Как носят капли вести о езде,
И всю-то ночь все цокают да едут,
Стуча подковой об одном гвозде
То тут, то там, то в тот подъезд, то в этот.
Светает. Осень, серость, старость, муть.
Горшки и бритвы, щетки, папильотки.
И жизнь прошла, успела промелькнуть,
Как ночь под стук обшарпанной пролетки.
Свинцовый свод. Рассвет. Дворы в воде.
Железных крыш авторитетный тезис.
Но где тот дом, та дверь, то детство, где
Однажды мир прорезывался, грезясь?
Где сердце друга? – Хитрых глаз прищур.
Знавали ль вы такого-то? – Наслышкой.
Да, видно, жизнь проста… но чересчур.
И даже убедительна… но слишком.
Чужая даль. Чужой, чужой из труб
По рвам и шляпам шлепающий дождик,
И, отчужденьем обращенный в дуб,
Чужой, как мельник пушкинский, художник.
Из романа в стихах «Спекторский», 1930
В выпущенных нами строфах был рассказ о героине романа, русской поэтессе Марии Ильиной, волею судьбы оказавшейся в эмиграции, со статьями о которой рассказчик познакомился в иностранных журналах. В ее образе узнаются черты Марины Цветаевой.
Пастернак характеризовал свою работу в письме Осипу Мандельштаму 31 января 1925 года:
«…Это возвращенье на старые поэтические рельсы поезда, сошедшего с рельс и шесть лет валявшегося под откосом. Таковыми были для меня „Сестра“, „Люверс“ и кое-что из „Тем“. Я назвал и „Детство Люверс“, то есть не сказал Вам, проза ли это или стихи. С начала января пишу урывками, исподволь. Трудно неимоверно. Все проржавлено, разбито, развинчено, на всем закаляневшие слои наносной бесчувственности, глухоты, насевшей рутины. Гадко. Но работа лежит в стороне от дня, точь-в-точь как было в свое время с нашими первыми поползновениями и счастливейшими работами. Помните? Вот в этом ее прелесть. Она напоминает забытое, оживают запасы сил, казавшиеся отжившими. Домысел чрезвычайности эпохи отпадает. Финальный стиль (конец века, конец революции, конец молодости, гибель Европы) входит в берега, мелеет, мелеет и перестает действовать. Судьбы культуры в кавычках вновь, как когда-то, становятся делом выбора и доброй воли. Кончается все, чему дают кончиться, чего не продолжают. Возьмешься продолжать, и не кончится.
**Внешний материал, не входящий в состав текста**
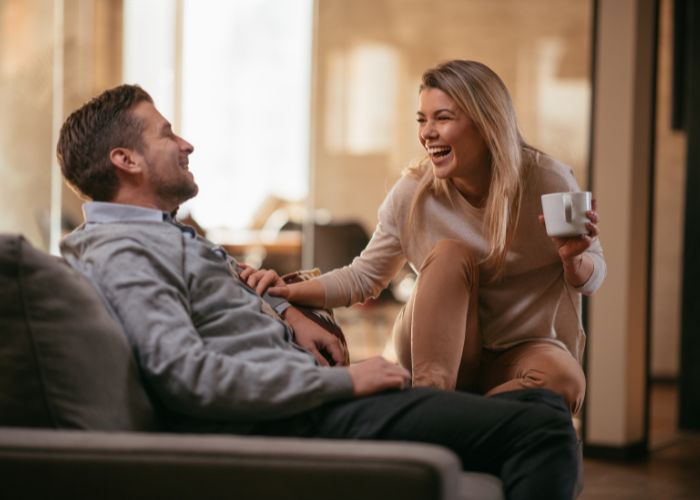 Laughing Couple Relaxes On A Sofa At Home While Sharing A Warm, Playful Conversation.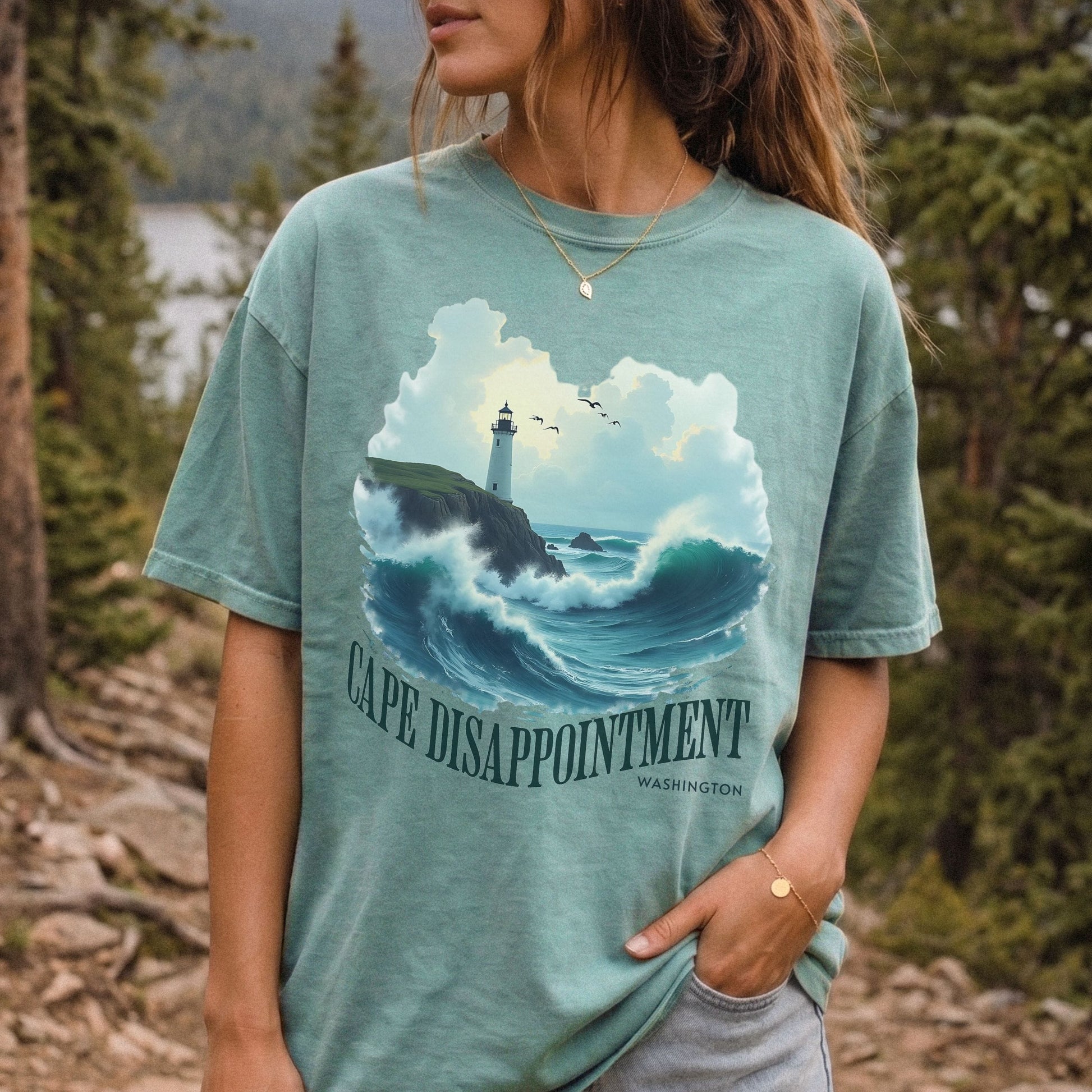 Woman wearing a seafoam green, Comfort Colors t-shirt with a Cape Disappointment Washington graphic featuring a coastal lighthouse, crashing ocean waves, and green arched text.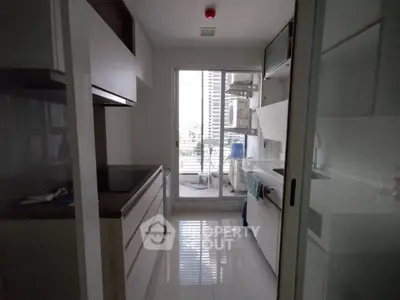 Modern kitchen with sleek cabinetry and balcony access in a stylish apartment.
Преждевременно желать всему перечисленному конца. И я возвращаюсь к брошенному без продолженья. Но не как имя, не как литератор. Не как призванный по финальному разряду. Нет, как лицо штатское, естественное, счастливо-несчастное, таящееся, неизвестное…».
Но писание «Спекторского» не могло обеспечить Пастернаку необходимого заработка. Сгустившееся к этому времени сознание незначительности всего написанного прежде перерастало в мысль о том, что лирическая поэзия потеряла свое значение и занятие ею не оправдано временем.
* * *
«…Ах, не сберегло меня ничто, и все, что я отдал, уже не вернется ко мне. Нет музыки и не будет, может быть еще будет поэзия…, но не должно быть и ее, потому что надо существовать, а никак не ее требует современность, и придется мне импровизацию словесную также оставить, как и фортепьянную. Это печально. Эта та печаль, которою была окаймлена долголетняя нежность, все сохранившая, и вот выразить ее на деле, в судьбе, пришлось мне.